There are a lot of websites out there to help with students studying of English language. However, it can be hard to know where to start. Below are some suggestions that I recommend.
Primary
A resource I often recommend to parents of new students is Unite for Literacy. This amazing website has dozens of books that have beautiful pictures and informative as well as engaging stories. The books can be read by the student or they can choose to have the story read to them in English. However, the best feature is that the stories can be read in over 40 languages. By clicking the narration button, these languages will be available. Choose the language you want and the books that are available with that second narration will be shown.

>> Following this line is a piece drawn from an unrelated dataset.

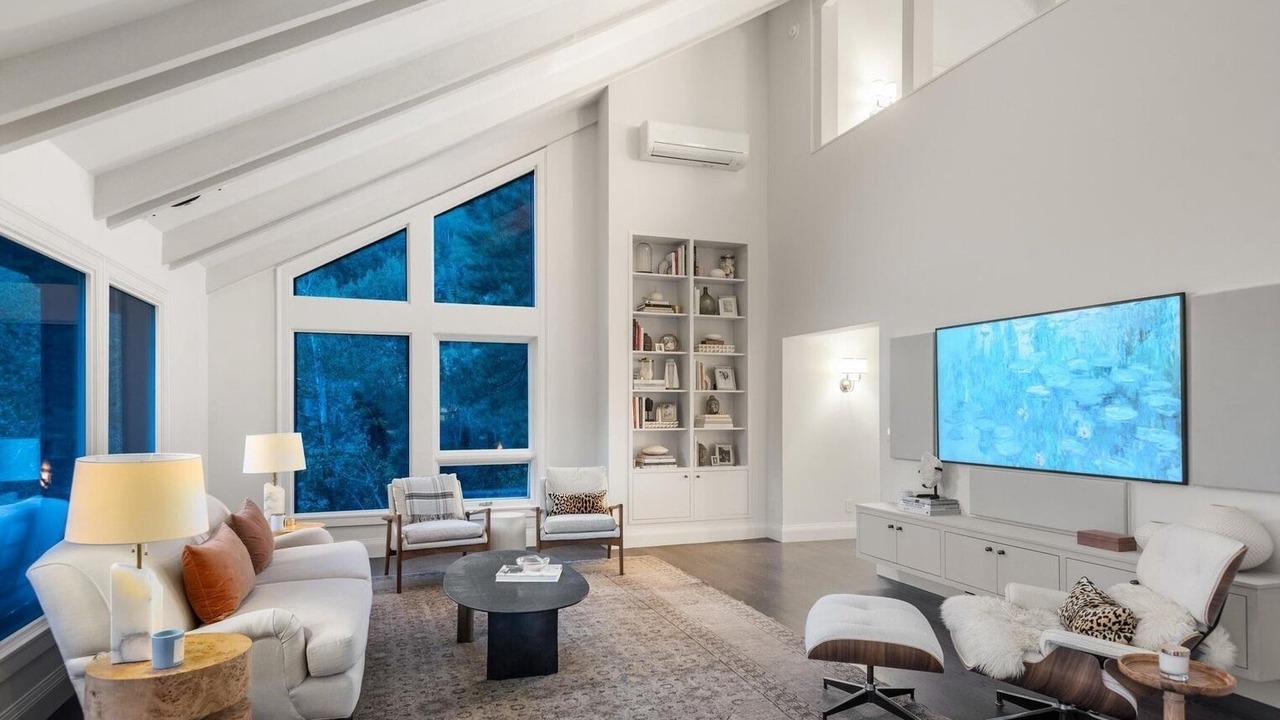 Photo of Livingroom in Mountain Valley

Students can listen to the English narration, their heritage language narration, and then repeat or read the text. This is an excellent opportunity in a dual language situation.
Intermediate
A fun vocabulary building website is Quizlet. There are thousands of vocabulary lists to student (including mine under the user name mvanbalkom). There are many activities and games students can use to study these but they can also create their own based on classwork or independent study. Finally, students can use the multilingual function to translate words into their heritage languages.
Secondary
A website that has multiple home uses for secondary students is News in Levels. In my own secondary classes, I often have students work with this site. It offers three levels of English difficulty for news stories around the world. All three levels have audio versions as well as the text and vocabulary support. I recommend students listen to the audio while reading the text, then read the text out loud either with the audio or alone. Then, write one sentence summary of what they read either in their home language or in English.